Later there will be a place for work. But never at the point of redemption.

I like those last lines. It is important to realize the beginnings are not our doings.

Belinda said...

I only make it through my blogroll on a random and sporadic basis. So why is it, that each time I come here, I find something that is so precisely what I need? See--even when from your view you're "drowning in self," you're still being used to God's purpose. Poetic, that.

Jess said...

It's a good thing too, cause if we had to do the work ourselves, it would probably be a pretty shoddy job. I know that I'd manage to stuff it up. It is not until you reach the point of realising how terribly wrong everything is and how hopeless you are to change it that you realise just how sweet God's grace is, what a gift it is. Sometimes seeing through broken eyes is just more effective.

Captain Mom said...

I like the idea that it's as if we're putting our hands in the air. Because God's grace is all about that...Him, not us. We cannot do anything, even in our vain efforts to do everything.

It's all about giving up. Giving everything up.

Thanks for pondering this...

Will Robison said...

I'm honestly confused here. I understand what you're saying in terms of this post, but what does that mean in real life? Should I quit striving to improve myself and wait for God to do it for me? Or will God provide me with an opportunity to improve myself? Or is improving myself even what God wants me to be doing? I'm willing to give up and let God take charge, but I'm just not sure how this whole thing works.

Ariel said...

This post materialized as I was thinking about what is traditionally known as "saving grace" - the special, intervening action that God takes to save a human soul.

In this context, it's fitting to make sweeping statements ("Give up, don't bother working at it!") that would be baffling if applied to other parts of life in Christ.
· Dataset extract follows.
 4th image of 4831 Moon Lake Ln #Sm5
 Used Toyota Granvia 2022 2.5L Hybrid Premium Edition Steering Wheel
I didn't spell out this emphasis very clearly, though, which explains your confusion, Will. Later, the pattern of grace continues (there is always a sense in which we must surrender, and give up) but we're called to work in order to enter into this labor of love that Christ is accomplishing in us.

Thus we find paradoxical verses like Philippians 2:12-13: "Work out your own salvation with fear and trembling, for it is God who works in you, both to will and to work for his good pleasure."

What are we to conclude? That while we are asked to exert ourselves in pursuing Christ and becoming more like him, our exertions are only secondary. We sweat in order to rest. We labor in order to gain the peace of God.

Thanks for the kind words and good reflections!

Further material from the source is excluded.